Former Post Office chairman Tim Parker said he “regretted” following the advice of the organisation’s legal chief to keep secret a critical report that could have bolstered claims by postmasters wrongly accused of theft and false accounting.

Parker was questioned about the report at the final hearing of the public inquiry into the Post Office scandal. Like many previous witnesses, his answers often relied on the passage of time to say he could not remember certain details he was questioned about. In his 158-page witness statement, Parker used the phrase “I can’t remember” 64 times.

In 2015, he was appointed part-time chairman of the Post Office’s board of directors after allegations mounted that errors in the Post Office’s Horizon IT system had led to accounting errors blamed on postmasters.

In August 2015, the BBC published Panorama documentary had revealed more information about supplier Fujitsu having access to and redacting financial records at Post Office branches – something the Post Office had denied was possible. A month later, then-minister Baroness Lucy Neville-Rolfe asked Parker to prioritise investigating the allegations surrounding Horizon when he took up the post.

At the time, the Criminal Cases Review Commission was already reviewing a number of cases brought by sub-postmasters who had been prosecuted.

Parker assigned attorney Jonathan Swift to investigate Horizon and the convictions based on evidence from the system.

Swift suggested that the Post Office may have “bullied” sub-postmasters into pleading guilty to false accounting by charging them with the more serious offence of fraud, despite there being insufficient evidence of fraud. Swift said the matter was of “real importance to the reputation” of the Post Office and a “stain on the character of the company”.

He also found that Horizon “sometimes suffered from bugs that led to losses in some industries” and warned that there may have been miscarriages of justice.

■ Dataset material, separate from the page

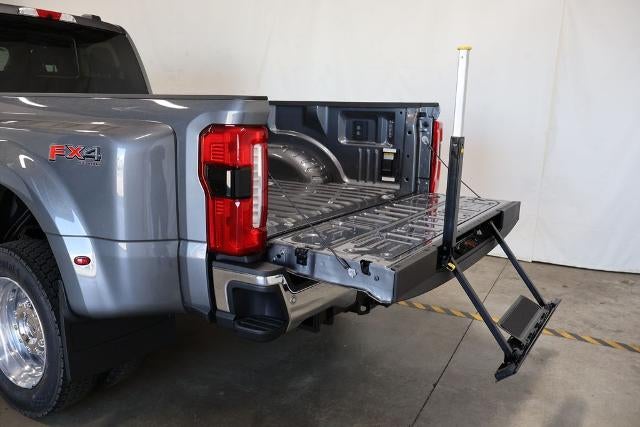 2027 Ford Super Duty F-450 DRW XLT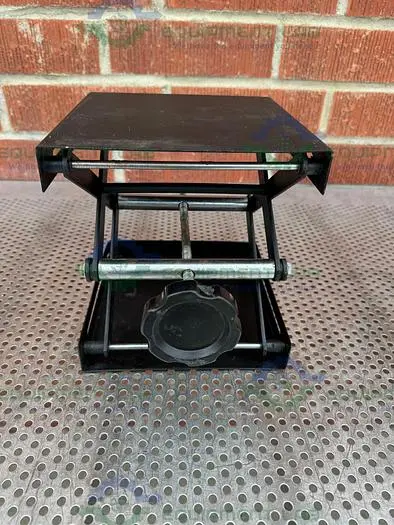 Used UNKNOWN 8" X 8" X 14 1/2" TABLE-TOP LAB JACK Supplies and Labware California US | Equipment Lab #488727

Swift’s review included a series of recommendations to investigate Horizon further. However, Parker was advised by Jane MacLeod, the Post Office’s general counsel, that he could not share the review with the board of directors, which he chaired, because the document was legally confidential.

As a result, the research was also not made available as evidence during the 2018/19 High Court trial which showed that bugs in Horizon were responsible for the fictitious accounting losses in the system.

In October 2020, Parker was criticised in a letter by Sarah Munby, then Permanent Secretary at the Department for Business, Energy and Industrial Strategy (the government department that managed the relationship with the Post Office and was responsible for his appointment as chair), over his decision to keep the Swift inquiry outside the board.

“We believe it was a mistake not to ensure that the entire board had the opportunity to see and discuss the details of the findings and agree what the next steps should be. In hindsight, the board should have seen this information and we are disappointed that it did not,” Munby wrote.

“We believe that, as a general rule, it is difficult to conceive of circumstances in which issues of legal privilege or confidentiality would prevent the sharing of relevant information with a company’s board of directors.”

When asked by investigating attorney Jason Beer, QC, Parker said: “It was always intended that the Swift investigation would be legally privileged,” adding that he had been briefed on this by “general counsel,” meaning MacLeod.

Parker said he expected the document to be shared more widely once the recommendations were implemented.

“It is one of my regrets that I was given that advice and followed it,” he told the inquiry.

“My view at the time – and perhaps this was a bit naive – was that the recommendations would come quite quickly and that we would be able to talk about the report as completed, but unfortunately that didn’t happen… Could we have shared it? I wish we had.”

He said MacLeod told him that only four copies of the report would be made and that they would all be kept by her legal department.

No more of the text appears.